What to work on
Go through the data and copy each line where the word "Shirt" shows up.

----

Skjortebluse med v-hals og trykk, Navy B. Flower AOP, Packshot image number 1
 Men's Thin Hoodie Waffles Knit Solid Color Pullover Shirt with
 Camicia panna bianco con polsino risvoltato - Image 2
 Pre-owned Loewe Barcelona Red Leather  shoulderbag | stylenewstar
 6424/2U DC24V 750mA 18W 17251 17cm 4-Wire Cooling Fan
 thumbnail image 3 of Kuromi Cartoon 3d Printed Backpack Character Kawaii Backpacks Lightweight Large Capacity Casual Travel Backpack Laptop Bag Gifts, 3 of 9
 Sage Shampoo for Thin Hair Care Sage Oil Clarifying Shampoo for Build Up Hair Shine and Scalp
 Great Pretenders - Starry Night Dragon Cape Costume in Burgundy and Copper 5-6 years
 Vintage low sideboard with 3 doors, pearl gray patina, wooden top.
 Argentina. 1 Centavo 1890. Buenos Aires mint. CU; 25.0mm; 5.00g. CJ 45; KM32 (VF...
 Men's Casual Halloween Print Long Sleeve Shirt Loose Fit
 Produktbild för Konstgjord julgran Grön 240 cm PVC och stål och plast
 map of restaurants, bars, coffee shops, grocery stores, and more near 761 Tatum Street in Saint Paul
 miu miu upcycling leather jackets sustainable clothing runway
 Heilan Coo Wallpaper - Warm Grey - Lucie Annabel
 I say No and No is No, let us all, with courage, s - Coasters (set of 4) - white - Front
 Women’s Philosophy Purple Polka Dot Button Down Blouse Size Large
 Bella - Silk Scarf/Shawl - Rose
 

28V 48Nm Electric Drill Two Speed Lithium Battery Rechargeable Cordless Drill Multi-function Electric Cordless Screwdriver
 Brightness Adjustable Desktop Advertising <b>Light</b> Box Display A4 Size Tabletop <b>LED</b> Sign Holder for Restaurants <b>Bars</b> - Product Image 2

----

Output below
 Men's Thin Hoodie Waffles Knit Solid Color Pullover Shirt with
 Men's Casual Halloween Print Long Sleeve Shirt Loose Fit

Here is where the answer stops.